Upset by the price Dirk had quoted, the "he" of the lesbians took off again, and I settled back against the truck, awaiting another long night. Finally her partner called her back and the negotiations were finalized, with Dirk agreeing to come down in price to around nine hundred dollars. It felt like a slap in the face to do the job for less, but money was money.
It was agreed that they would leave, we would clean, and they would come back when we were finished. It was a fair proposition, but first we had to reassure the "he" that our company was licensed and bonded by the state (I still don't know what that means!), and that we weren't there to steal anything. The idea that she even considered that notion horrified me, particularly because I had had a glance around and would be damned if there was anything worth taking. Last time I checked, my hard-on for thievery didn't extend to old TV Guides or mason jars full of buttons.
As I messed with my crates back at the truck, I heard the sudden rustle of plant life behind me. Instantly I thought of all the horror films I'd ever seen, where some soulless behemoth leapt out of the bushes to twist some dickhead teenager's head completely the wrong way. Or maybe he would simply squeeze my head until my eyeballs popped out.

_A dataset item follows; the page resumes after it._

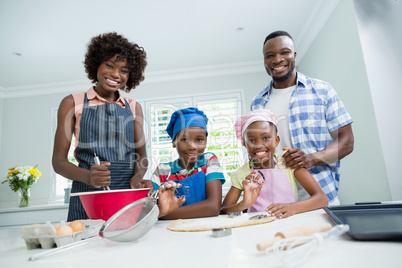 Parents and kids preparing food in kitchen at home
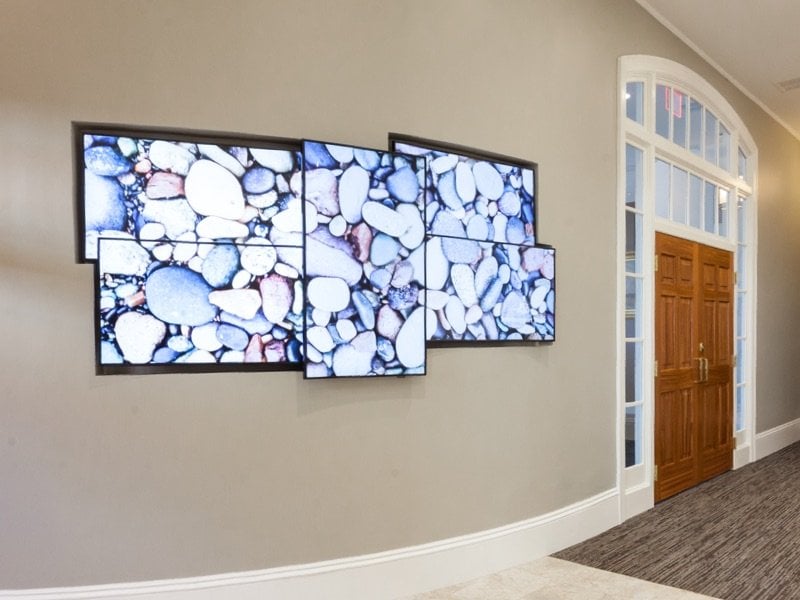 A hallway with a wall of monitors displaying pretty rocks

I turned quickly, expecting the worst, and instead saw the watchful eyes of the neighborhood, come to stare. Eerie and unsettling, all the neighbors and their children stood amid the foliage of front yards, watching silently. I smiled and nodded, but none of them responded. They were just curious, but their curiosity was born of fear, and they didn't dare make the bold strides forward to confront me. I found it very intimidating.
With Dirk manning the blood on the tub, I started on the floor, first using the scrub brush to work at the human jerky, and then finally resorting to flipping it around and using the tapered lip of its handle to scrape piece by gummy piece off the floor of the bathroom and hallway. Apparently the house hadn't been wide enough to get a stretcher through, so the paramedics had had to tote her pliant, slimy, grease-soaked corpse through the hallway, dropping flesh hunks as they went.

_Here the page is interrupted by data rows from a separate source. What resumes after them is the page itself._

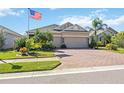 Tan house with a three-car garage and landscaped yard at 27855 Arrowhead Cir, Punta Gorda, FL 33982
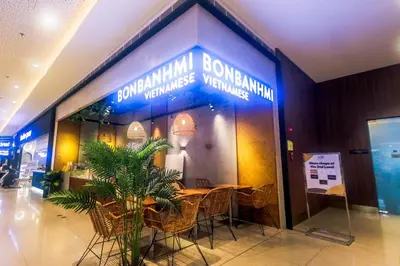 a restaurant with a table and chairs in a building at AIR Residence Wondeful Condo Ayala Ave 1703 Central Makati Swim Gym in Manila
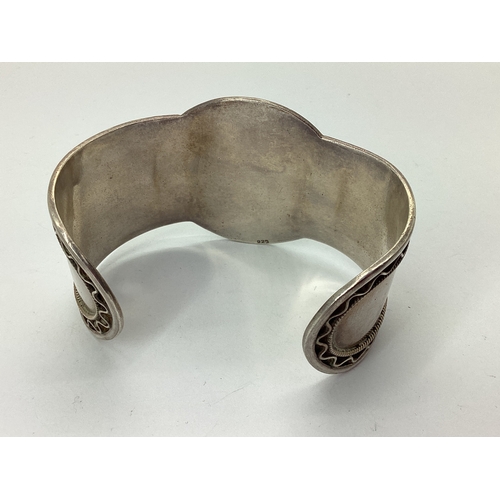 104 - A Tiger's Eye Inset Wide Cuff Bangle, cushion cabochon set to the centre, stamped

After several hours of intense cleaning, Dirk and I each sought out menial tasks, since neither wanted to be the one who inserted his hand to unclog the greasy drain. Finally I snapped, sensing a losing battle. Holding the black trash bag open, I reached into the foul water until my gloved fingers connected with something agonizingly squishy, for which I grabbed and yanked. The drain opened up with a broad sucking noise, and I disposed of the loose flesh into the bag, trying hard not to look as I tossed it in.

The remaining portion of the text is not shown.